-- Opening Marker --
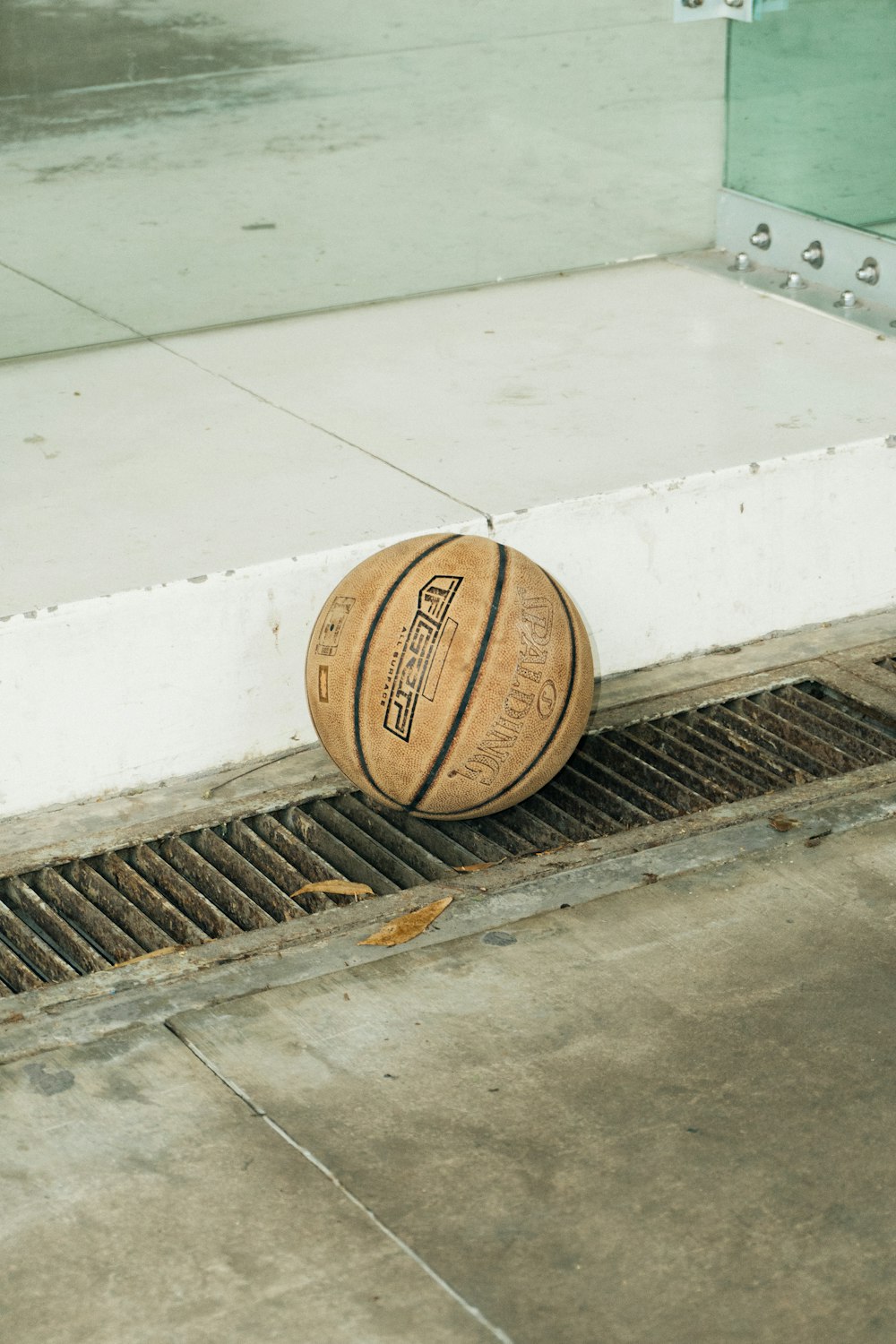 Una pelota de baloncesto sentada en el suelo junto a una rejilla de drenaje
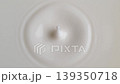 coffee pours heavily into creamy white froth creating dynamic waves and droplets suitable for advertising campaigns highlighting rich flavor and morning refreshment 139350718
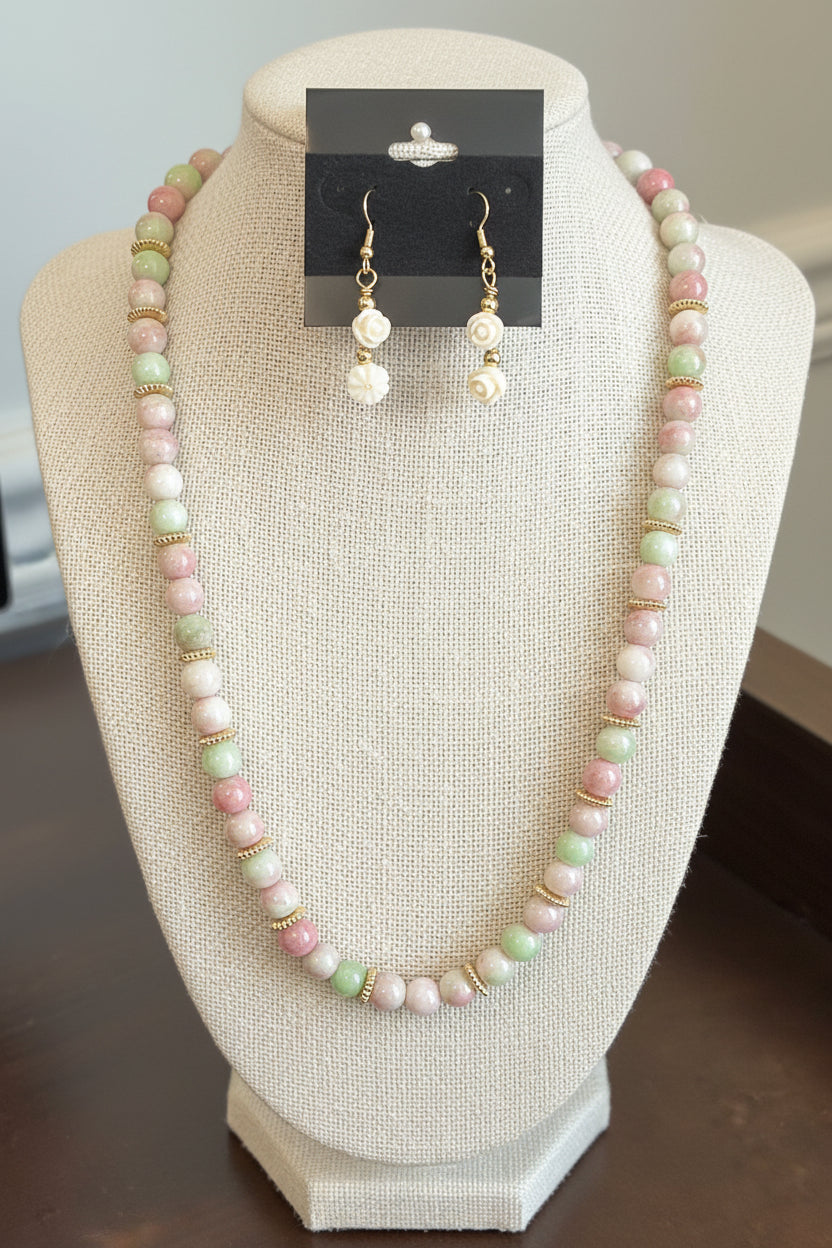 A pastel beaded necklace and matching drop earrings displayed on a black jewelry bust. The beads are pink, mint green, and white with small gold spacer rings and gold-tone hooks.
-- Closing Marker --
- **Problem description**:
Take the material above and set it down exactly, minus the images.

- **Solution below**:
 Una pelota de baloncesto sentada en el suelo junto a una rejilla de drenaje
 coffee pours heavily into creamy white froth creating dynamic waves and droplets suitable for advertising campaigns highlighting rich flavor and morning refreshment 139350718
 A pastel beaded necklace and matching drop earrings displayed on a black jewelry bust. The beads are pink, mint green, and white with small gold spacer rings and gold-tone hooks.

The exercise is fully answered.